_WHAT IS BEING ASKED:_ What follows is a set of records. Retype them exactly, leaving out the pictures.

*** RECORD EXTRACTS ***

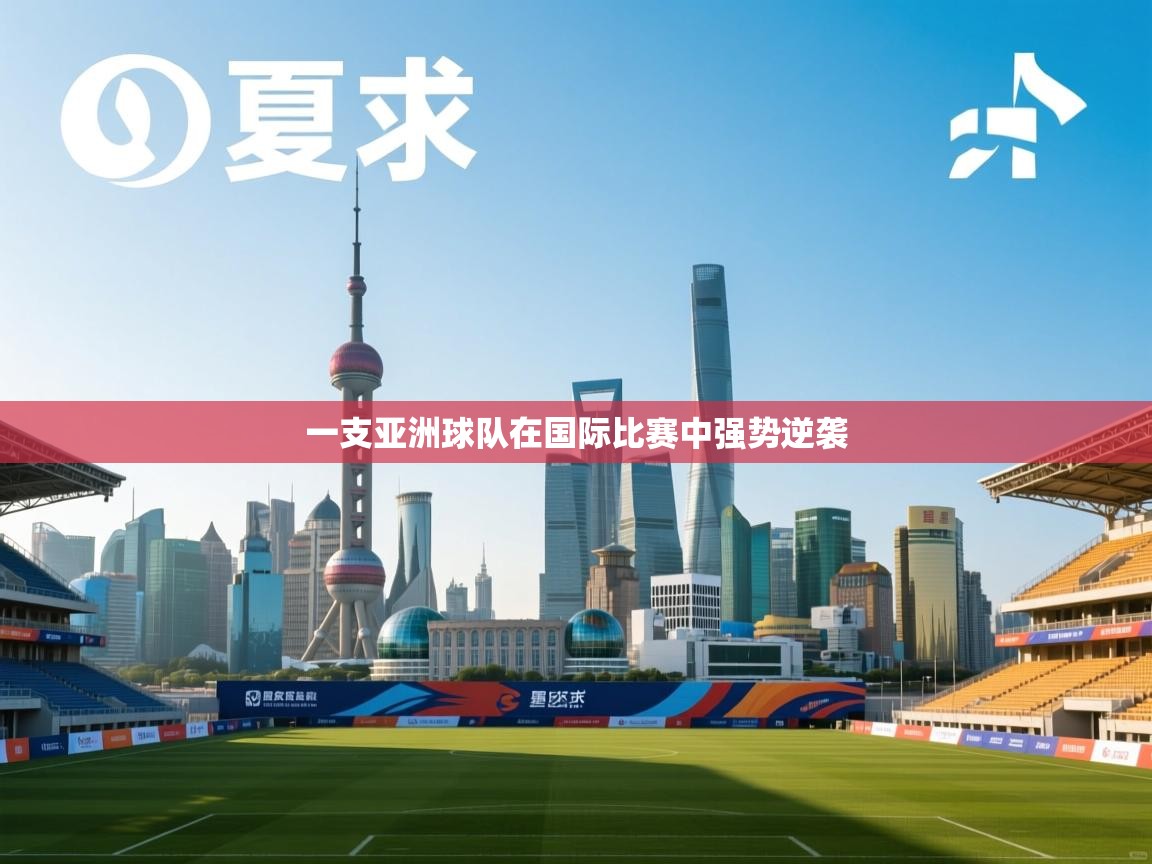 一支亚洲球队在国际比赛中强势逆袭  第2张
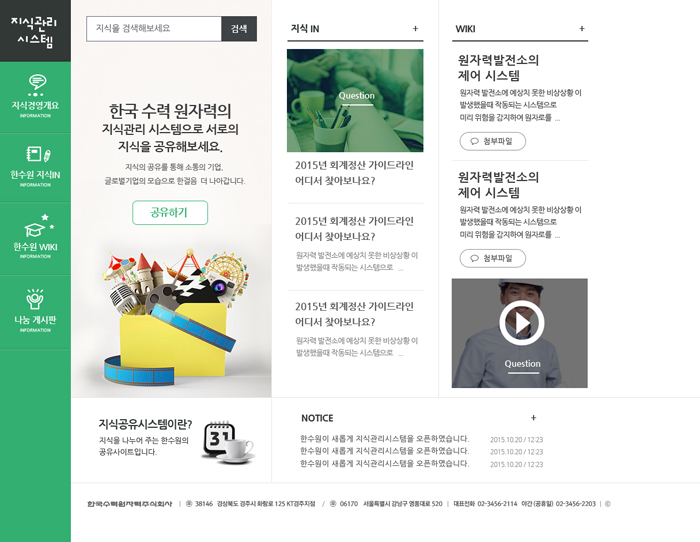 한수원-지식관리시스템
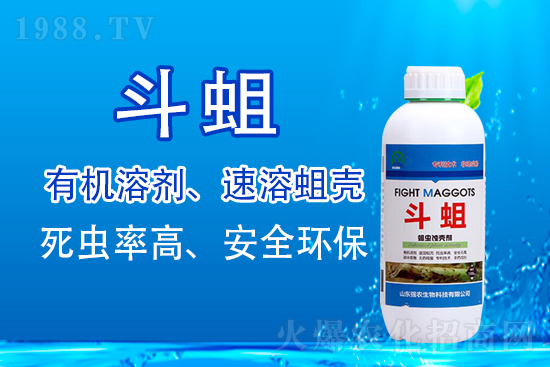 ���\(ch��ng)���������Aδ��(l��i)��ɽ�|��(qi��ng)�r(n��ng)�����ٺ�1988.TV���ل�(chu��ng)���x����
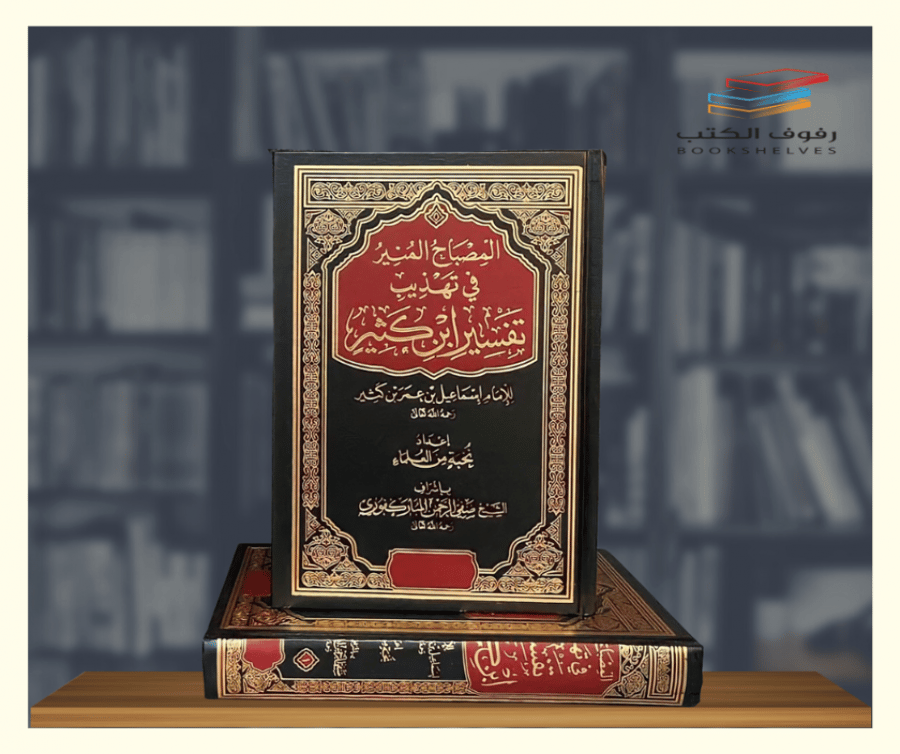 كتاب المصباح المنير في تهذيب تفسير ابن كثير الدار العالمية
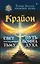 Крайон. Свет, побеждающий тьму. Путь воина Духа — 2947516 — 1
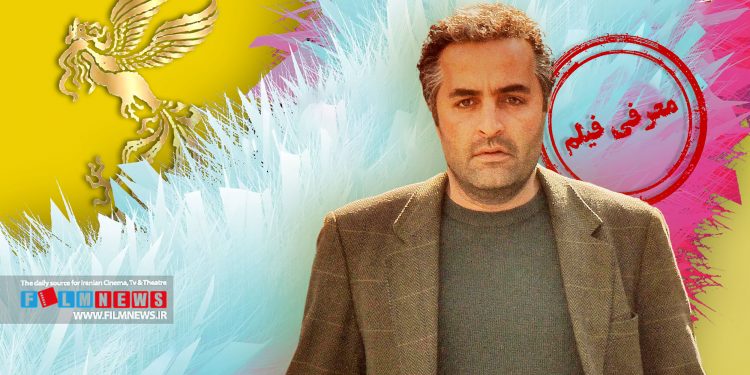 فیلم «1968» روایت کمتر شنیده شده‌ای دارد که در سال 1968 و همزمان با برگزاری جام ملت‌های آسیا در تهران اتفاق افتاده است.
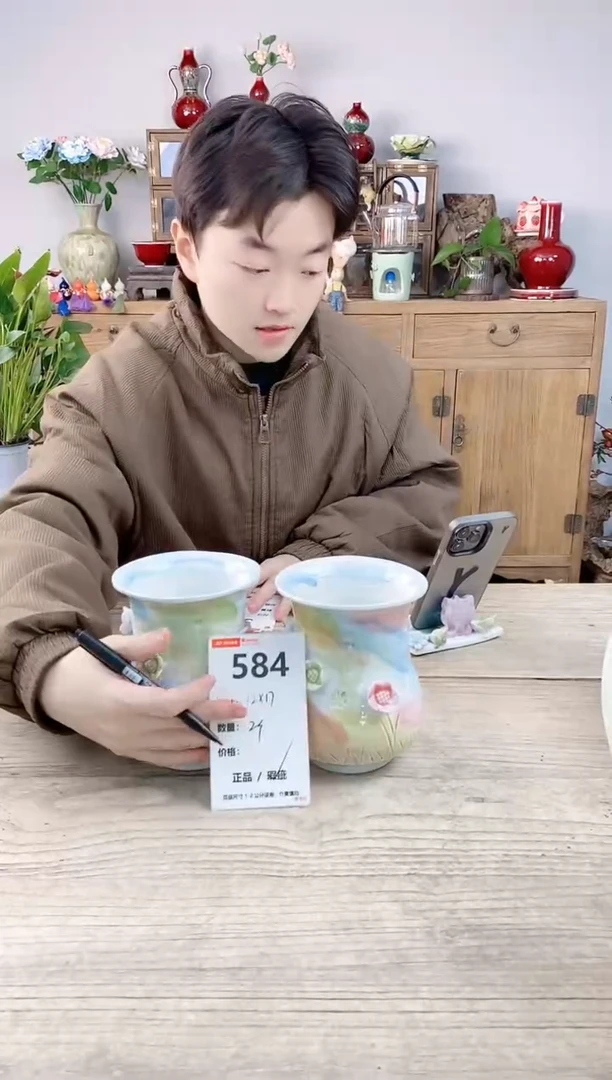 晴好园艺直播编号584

*** End of RECORD EXTRACTS ***

_REPLY TO THE TASK:_
 一支亚洲球队在国际比赛中强势逆袭  第2张
 한수원-지식관리시스템
 ���\(ch��ng)���������Aδ��(l��i)��ɽ�|��(qi��ng)�r(n��ng)�����ٺ�1988.TV���ل�(chu��ng)���x����
 كتاب المصباح المنير في تهذيب تفسير ابن كثير الدار العالمية
 Крайон. Свет, побеждающий тьму. Путь воина Духа — 2947516 — 1
 فیلم «1968» روایت کمتر شنیده شده‌ای دارد که در سال 1968 و همزمان با برگزاری جام ملت‌های آسیا در تهران اتفاق افتاده است.
 晴好园艺直播编号584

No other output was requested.